EXERCISE PROMPT: Reproduce each entry below exactly, without omitting any.

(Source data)
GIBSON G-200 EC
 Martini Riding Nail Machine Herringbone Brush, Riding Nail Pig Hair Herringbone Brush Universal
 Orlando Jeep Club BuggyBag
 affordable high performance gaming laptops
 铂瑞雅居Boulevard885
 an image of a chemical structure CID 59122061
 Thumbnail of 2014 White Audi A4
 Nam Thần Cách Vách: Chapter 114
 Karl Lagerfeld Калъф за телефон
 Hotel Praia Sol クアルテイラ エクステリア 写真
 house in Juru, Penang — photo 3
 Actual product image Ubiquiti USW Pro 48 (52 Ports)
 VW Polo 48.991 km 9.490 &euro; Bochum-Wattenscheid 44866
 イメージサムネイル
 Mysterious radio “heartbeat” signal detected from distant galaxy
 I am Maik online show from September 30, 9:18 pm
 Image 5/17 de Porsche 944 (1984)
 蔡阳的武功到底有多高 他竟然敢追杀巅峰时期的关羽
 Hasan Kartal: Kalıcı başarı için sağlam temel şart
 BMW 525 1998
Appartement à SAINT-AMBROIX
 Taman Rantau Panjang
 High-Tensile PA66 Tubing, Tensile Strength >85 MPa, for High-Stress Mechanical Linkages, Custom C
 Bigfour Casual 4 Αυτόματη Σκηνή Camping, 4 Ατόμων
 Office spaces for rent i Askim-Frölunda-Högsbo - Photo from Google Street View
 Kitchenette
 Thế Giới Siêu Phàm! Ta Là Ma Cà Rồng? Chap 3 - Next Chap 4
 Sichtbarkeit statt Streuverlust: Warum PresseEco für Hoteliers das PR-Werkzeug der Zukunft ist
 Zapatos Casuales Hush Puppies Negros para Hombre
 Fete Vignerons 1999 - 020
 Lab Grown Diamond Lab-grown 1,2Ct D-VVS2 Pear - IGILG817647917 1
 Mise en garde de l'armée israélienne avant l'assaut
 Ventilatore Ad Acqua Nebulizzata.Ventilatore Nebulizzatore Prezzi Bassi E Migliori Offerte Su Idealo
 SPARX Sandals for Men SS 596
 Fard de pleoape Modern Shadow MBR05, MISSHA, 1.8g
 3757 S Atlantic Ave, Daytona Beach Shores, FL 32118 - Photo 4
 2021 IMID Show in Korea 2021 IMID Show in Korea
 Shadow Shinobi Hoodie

SOLUTION FOR THIS EXERCISE:
GIBSON G-200 EC
 Martini Riding Nail Machine Herringbone Brush, Riding Nail Pig Hair Herringbone Brush Universal
 Orlando Jeep Club BuggyBag
 affordable high performance gaming laptops
 铂瑞雅居Boulevard885
 an image of a chemical structure CID 59122061
 Thumbnail of 2014 White Audi A4
 Nam Thần Cách Vách: Chapter 114
 Karl Lagerfeld Калъф за телефон
 Hotel Praia Sol クアルテイラ エクステリア 写真
 house in Juru, Penang — photo 3
 Actual product image Ubiquiti USW Pro 48 (52 Ports)
 VW Polo 48.991 km 9.490 &euro; Bochum-Wattenscheid 44866
 イメージサムネイル
 Mysterious radio “heartbeat” signal detected from distant galaxy
 I am Maik online show from September 30, 9:18 pm
 Image 5/17 de Porsche 944 (1984)
 蔡阳的武功到底有多高 他竟然敢追杀巅峰时期的关羽
 Hasan Kartal: Kalıcı başarı için sağlam temel şart
 BMW 525 1998
Appartement à SAINT-AMBROIX
 Taman Rantau Panjang
 High-Tensile PA66 Tubing, Tensile Strength >85 MPa, for High-Stress Mechanical Linkages, Custom C
 Bigfour Casual 4 Αυτόματη Σκηνή Camping, 4 Ατόμων
 Office spaces for rent i Askim-Frölunda-Högsbo - Photo from Google Street View
 Kitchenette
 Thế Giới Siêu Phàm! Ta Là Ma Cà Rồng? Chap 3 - Next Chap 4
 Sichtbarkeit statt Streuverlust: Warum PresseEco für Hoteliers das PR-Werkzeug der Zukunft ist
 Zapatos Casuales Hush Puppies Negros para Hombre
 Fete Vignerons 1999 - 020
 Lab Grown Diamond Lab-grown 1,2Ct D-VVS2 Pear - IGILG817647917 1
 Mise en garde de l'armée israélienne avant l'assaut
 Ventilatore Ad Acqua Nebulizzata.Ventilatore Nebulizzatore Prezzi Bassi E Migliori Offerte Su Idealo
 SPARX Sandals for Men SS 596
 Fard de pleoape Modern Shadow MBR05, MISSHA, 1.8g
 3757 S Atlantic Ave, Daytona Beach Shores, FL 32118 - Photo 4
 2021 IMID Show in Korea 2021 IMID Show in Korea
 Shadow Shinobi Hoodie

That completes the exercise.